Modified-release dosage forms are drug formulations that differ from conventional formulations in the rate at which the drug is released. For the purpose of these guidances, modified-release forms include formulations designed to meet one or more of the following objectives:

• To delay disintegration, de-aggregation, or dissolution so that the drug's rate of degradation is altered.
• To delay or decrease the rate of absorption so that the likelihood of gastrointestinal or other adverse effects is diminished (e.g., enteric-coated forms).
• To provide effective drug concentrations for a longer period of time after a single dose.
• To deliver the drug initially at a rate similar to that obtained with the conventional form, and to provide effective drug concentrations for a longer period of time.
• To minimize fluctuations in drug concentrations during the dosing interval.
• To provide, after single administration, multiple peaks and troughs in the concentration-time curves (i.e., multiphasic modified-release dosage forms).

90% Confidence interval

An interval about the estimated value that provides 90% assurance that it contains the true value.

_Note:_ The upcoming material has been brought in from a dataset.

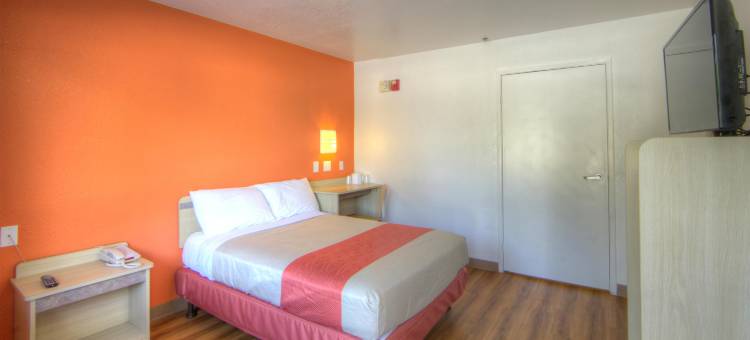 奥兰多6号汽车旅馆 - 冬季公园(Motel 6 Orlando, FL - Winter Park)图片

Non-linear pharmacokinetics

A general term referring to dose or time dependency in pharmacokinetic parameters arising from factors associated with absorption, first-pass metabolism, binding, and excretion.

pAUC

Partial area under the concentration versus time curve defined over a restricted time interval after drug administration.

Precision

The closeness of agreement of values obtained in the analysis of replicate samples of the same specimen, usually indicated by the coefficient of variation (relative standard deviation).